(Scraped caption text data)
▬▬▬▬▬▬

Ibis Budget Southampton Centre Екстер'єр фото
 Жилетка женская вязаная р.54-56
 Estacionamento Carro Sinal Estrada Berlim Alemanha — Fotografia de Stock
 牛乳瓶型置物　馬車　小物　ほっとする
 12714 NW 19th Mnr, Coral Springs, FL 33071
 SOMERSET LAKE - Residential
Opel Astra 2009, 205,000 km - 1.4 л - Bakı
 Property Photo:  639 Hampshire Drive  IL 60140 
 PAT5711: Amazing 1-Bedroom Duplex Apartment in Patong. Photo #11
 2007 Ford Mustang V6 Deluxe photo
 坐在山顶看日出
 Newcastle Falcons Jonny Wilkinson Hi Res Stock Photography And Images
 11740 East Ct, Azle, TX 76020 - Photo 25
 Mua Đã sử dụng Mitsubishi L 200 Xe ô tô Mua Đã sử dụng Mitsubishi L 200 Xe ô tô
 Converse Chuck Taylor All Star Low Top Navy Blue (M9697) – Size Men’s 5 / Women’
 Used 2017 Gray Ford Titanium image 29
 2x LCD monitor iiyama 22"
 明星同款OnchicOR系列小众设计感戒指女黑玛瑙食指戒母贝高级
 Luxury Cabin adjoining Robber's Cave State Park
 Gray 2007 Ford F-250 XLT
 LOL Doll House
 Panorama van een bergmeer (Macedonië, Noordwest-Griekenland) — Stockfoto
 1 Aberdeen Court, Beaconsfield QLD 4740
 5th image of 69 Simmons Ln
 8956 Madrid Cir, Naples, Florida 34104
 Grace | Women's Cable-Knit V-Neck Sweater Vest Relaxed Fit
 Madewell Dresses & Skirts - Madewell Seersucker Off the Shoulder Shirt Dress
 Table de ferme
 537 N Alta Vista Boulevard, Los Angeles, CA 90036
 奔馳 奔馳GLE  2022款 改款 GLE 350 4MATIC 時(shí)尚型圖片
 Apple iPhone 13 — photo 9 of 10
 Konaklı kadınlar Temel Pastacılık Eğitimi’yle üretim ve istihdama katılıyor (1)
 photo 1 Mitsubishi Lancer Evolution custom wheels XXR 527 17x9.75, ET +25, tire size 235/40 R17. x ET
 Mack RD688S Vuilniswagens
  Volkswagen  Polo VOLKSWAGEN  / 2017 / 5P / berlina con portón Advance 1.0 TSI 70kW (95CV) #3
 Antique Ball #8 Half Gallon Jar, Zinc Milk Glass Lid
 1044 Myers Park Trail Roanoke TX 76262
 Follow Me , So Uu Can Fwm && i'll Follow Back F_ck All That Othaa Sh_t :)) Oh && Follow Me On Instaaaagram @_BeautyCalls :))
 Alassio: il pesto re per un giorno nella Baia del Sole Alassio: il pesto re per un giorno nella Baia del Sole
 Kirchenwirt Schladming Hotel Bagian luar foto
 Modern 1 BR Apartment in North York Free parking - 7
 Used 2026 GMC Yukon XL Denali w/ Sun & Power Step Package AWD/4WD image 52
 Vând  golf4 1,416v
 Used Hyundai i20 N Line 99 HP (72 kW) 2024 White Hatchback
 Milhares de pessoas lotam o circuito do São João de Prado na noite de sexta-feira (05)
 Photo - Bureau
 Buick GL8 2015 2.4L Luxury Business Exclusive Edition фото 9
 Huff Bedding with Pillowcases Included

▬▬▬▬▬▬

Assignment — Output all preceding records character for character.

Task output —
Ibis Budget Southampton Centre Екстер'єр фото
 Жилетка женская вязаная р.54-56
 Estacionamento Carro Sinal Estrada Berlim Alemanha — Fotografia de Stock
 牛乳瓶型置物　馬車　小物　ほっとする
 12714 NW 19th Mnr, Coral Springs, FL 33071
 SOMERSET LAKE - Residential
Opel Astra 2009, 205,000 km - 1.4 л - Bakı
 Property Photo:  639 Hampshire Drive  IL 60140 
 PAT5711: Amazing 1-Bedroom Duplex Apartment in Patong. Photo #11
 2007 Ford Mustang V6 Deluxe photo
 坐在山顶看日出
 Newcastle Falcons Jonny Wilkinson Hi Res Stock Photography And Images
 11740 East Ct, Azle, TX 76020 - Photo 25
 Mua Đã sử dụng Mitsubishi L 200 Xe ô tô Mua Đã sử dụng Mitsubishi L 200 Xe ô tô
 Converse Chuck Taylor All Star Low Top Navy Blue (M9697) – Size Men’s 5 / Women’
 Used 2017 Gray Ford Titanium image 29
 2x LCD monitor iiyama 22"
 明星同款OnchicOR系列小众设计感戒指女黑玛瑙食指戒母贝高级
 Luxury Cabin adjoining Robber's Cave State Park
 Gray 2007 Ford F-250 XLT
 LOL Doll House
 Panorama van een bergmeer (Macedonië, Noordwest-Griekenland) — Stockfoto
 1 Aberdeen Court, Beaconsfield QLD 4740
 5th image of 69 Simmons Ln
 8956 Madrid Cir, Naples, Florida 34104
 Grace | Women's Cable-Knit V-Neck Sweater Vest Relaxed Fit
 Madewell Dresses & Skirts - Madewell Seersucker Off the Shoulder Shirt Dress
 Table de ferme
 537 N Alta Vista Boulevard, Los Angeles, CA 90036
 奔馳 奔馳GLE  2022款 改款 GLE 350 4MATIC 時(shí)尚型圖片
 Apple iPhone 13 — photo 9 of 10
 Konaklı kadınlar Temel Pastacılık Eğitimi’yle üretim ve istihdama katılıyor (1)
 photo 1 Mitsubishi Lancer Evolution custom wheels XXR 527 17x9.75, ET +25, tire size 235/40 R17. x ET
 Mack RD688S Vuilniswagens
  Volkswagen  Polo VOLKSWAGEN  / 2017 / 5P / berlina con portón Advance 1.0 TSI 70kW (95CV) #3
 Antique Ball #8 Half Gallon Jar, Zinc Milk Glass Lid
 1044 Myers Park Trail Roanoke TX 76262
 Follow Me , So Uu Can Fwm && i'll Follow Back F_ck All That Othaa Sh_t :)) Oh && Follow Me On Instaaaagram @_BeautyCalls :))
 Alassio: il pesto re per un giorno nella Baia del Sole Alassio: il pesto re per un giorno nella Baia del Sole
 Kirchenwirt Schladming Hotel Bagian luar foto
 Modern 1 BR Apartment in North York Free parking - 7
 Used 2026 GMC Yukon XL Denali w/ Sun & Power Step Package AWD/4WD image 52
 Vând  golf4 1,416v
 Used Hyundai i20 N Line 99 HP (72 kW) 2024 White Hatchback
 Milhares de pessoas lotam o circuito do São João de Prado na noite de sexta-feira (05)
 Photo - Bureau
 Buick GL8 2015 2.4L Luxury Business Exclusive Edition фото 9
 Huff Bedding with Pillowcases Included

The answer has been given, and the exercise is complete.